Selective portal vein injection for the design of syngeneic models of liver malignancy.

Am J Physiol Gastrointest Liver Physiol

Laboratory of the Swiss Hepato-Pancreatico-Biliary (HPB) and Transplantation Center, Department of Surgery, University Hospital Zurich, Zurich, Switzerland; and

Published: May 2016

AI Article Synopsis

  • Liver metastases from colorectal cancer (CRC) are a leading cause of mortality, making effective research models essential.
  • A new method called selective portal vein injection allows for the creation of syngeneic orthotopic liver tumor models, limiting tumor growth to specific liver lobes and improving on previous models.
  • This technique has shown successful results with different cancer cell lines, leading to detectable tumors shortly after injection, and offers advantages such as preservation of liver function and reproducibility for biological studies and testing.

Article Abstract

Liver metastases are the most frequent cause of death due to colorectal cancer (CRC). Syngeneic orthotopic animal models, based on the grafting of cancer cells or tissue in host liver, are efficient systems for studying liver tumors and their (patho)physiological environment. Here we describe selective portal vein injection as a novel tool to generate syngeneic orthotopic models of liver tumors that avoid most of the weaknesses of existing syngeneic models.
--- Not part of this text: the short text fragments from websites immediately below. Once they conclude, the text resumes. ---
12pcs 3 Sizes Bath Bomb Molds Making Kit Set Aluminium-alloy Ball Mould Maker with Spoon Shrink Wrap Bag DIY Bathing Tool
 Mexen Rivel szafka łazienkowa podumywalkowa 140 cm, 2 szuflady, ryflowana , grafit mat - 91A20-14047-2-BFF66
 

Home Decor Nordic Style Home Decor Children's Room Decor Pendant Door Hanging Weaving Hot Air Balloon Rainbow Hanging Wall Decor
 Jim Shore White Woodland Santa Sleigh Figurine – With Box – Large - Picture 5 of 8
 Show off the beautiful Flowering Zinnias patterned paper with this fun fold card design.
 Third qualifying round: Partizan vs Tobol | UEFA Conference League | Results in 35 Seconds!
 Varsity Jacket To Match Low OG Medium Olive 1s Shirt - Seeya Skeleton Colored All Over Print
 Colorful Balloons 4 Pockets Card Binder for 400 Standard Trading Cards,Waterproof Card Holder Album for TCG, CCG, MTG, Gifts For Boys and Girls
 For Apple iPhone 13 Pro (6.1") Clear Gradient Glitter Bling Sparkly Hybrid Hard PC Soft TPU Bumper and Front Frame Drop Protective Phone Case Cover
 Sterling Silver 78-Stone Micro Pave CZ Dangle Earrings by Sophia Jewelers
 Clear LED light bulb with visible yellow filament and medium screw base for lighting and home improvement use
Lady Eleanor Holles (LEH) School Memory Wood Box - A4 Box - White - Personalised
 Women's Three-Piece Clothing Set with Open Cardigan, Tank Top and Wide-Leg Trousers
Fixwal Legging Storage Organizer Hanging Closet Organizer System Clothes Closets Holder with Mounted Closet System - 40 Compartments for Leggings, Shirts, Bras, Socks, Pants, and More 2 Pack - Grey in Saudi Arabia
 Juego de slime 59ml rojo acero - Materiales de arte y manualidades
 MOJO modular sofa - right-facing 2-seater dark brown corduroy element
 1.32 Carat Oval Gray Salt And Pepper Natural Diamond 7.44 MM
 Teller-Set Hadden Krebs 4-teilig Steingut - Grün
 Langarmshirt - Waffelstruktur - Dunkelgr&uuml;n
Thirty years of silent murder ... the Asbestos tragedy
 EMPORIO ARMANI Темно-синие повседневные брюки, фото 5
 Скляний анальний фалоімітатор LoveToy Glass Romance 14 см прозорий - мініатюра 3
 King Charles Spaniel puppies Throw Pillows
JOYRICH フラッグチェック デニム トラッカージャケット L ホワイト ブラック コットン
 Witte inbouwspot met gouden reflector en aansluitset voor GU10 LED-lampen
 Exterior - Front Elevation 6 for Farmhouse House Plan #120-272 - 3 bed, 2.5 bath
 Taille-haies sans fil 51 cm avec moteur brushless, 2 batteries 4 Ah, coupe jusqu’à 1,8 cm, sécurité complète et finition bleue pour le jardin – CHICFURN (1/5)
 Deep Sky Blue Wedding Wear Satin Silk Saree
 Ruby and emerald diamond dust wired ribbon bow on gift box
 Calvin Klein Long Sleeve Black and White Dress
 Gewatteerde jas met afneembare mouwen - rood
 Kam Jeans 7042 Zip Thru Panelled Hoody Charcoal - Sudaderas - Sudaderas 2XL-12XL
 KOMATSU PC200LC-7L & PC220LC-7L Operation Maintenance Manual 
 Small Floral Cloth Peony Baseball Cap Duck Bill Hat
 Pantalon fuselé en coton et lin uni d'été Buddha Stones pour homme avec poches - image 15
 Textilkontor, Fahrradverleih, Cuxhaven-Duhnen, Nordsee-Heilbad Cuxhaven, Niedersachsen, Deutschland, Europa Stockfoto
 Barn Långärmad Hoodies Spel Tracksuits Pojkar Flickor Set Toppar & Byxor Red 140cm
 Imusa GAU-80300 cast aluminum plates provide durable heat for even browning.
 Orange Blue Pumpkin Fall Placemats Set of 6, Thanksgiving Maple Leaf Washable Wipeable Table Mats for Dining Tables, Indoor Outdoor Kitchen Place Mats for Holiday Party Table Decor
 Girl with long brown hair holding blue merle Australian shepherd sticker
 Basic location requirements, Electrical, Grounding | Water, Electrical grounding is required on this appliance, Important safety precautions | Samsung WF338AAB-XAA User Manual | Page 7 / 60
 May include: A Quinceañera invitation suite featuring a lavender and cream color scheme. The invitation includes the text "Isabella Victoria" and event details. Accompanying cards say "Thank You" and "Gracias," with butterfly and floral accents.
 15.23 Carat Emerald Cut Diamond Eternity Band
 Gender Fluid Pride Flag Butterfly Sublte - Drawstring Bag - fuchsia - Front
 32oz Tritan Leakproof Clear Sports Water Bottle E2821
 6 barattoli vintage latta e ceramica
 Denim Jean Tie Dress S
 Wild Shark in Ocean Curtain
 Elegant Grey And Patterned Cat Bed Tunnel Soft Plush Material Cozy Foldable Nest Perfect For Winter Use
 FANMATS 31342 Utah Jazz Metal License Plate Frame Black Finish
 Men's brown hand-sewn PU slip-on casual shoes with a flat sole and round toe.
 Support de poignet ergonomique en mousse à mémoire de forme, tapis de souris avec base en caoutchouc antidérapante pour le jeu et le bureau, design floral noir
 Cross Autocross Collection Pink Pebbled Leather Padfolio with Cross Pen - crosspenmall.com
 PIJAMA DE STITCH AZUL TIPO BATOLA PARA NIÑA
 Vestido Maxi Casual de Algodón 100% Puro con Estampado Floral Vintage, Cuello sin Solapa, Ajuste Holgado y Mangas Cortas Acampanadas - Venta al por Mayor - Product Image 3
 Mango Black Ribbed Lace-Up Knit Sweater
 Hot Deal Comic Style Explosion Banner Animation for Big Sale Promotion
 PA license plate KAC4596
By combining portal vein injection of cancer cells with the selective clamping of distal liver lobes, tumor growth is limited to specific lobes. When applied on MC-38 CRC cells and their mouse host C57BL6, selective portal vein injection leads with 100% penetrance to MRI-detectable tumors within 1 wk, followed by a steady growth until the time of death (survival ∼7 wk) in the absence of extrahepatic disease. Similar results were obtained using CT-26 cells and their syngeneic Balb/c hosts. As a proof of principle, lobe-restricted liver tumors were also generated using Hepa1-6 (C57BL6-syngeneic) and TIB-75 (Balb/c-syngeneic) hepatocellular cancer cells, demonstrating the general applicability of selective portal vein injection for the induction of malignant liver tumors. Selective portal vein injection is technically straightforward, enables liver invasion via anatomical routes, preserves liver function, and provides unaffected liver tissue. The tumor models are reproducible and highly penetrant, with survival mainly dependent on the growth of lobe-restricted liver malignancy. These models enable biological studies and preclinical testing within short periods of time.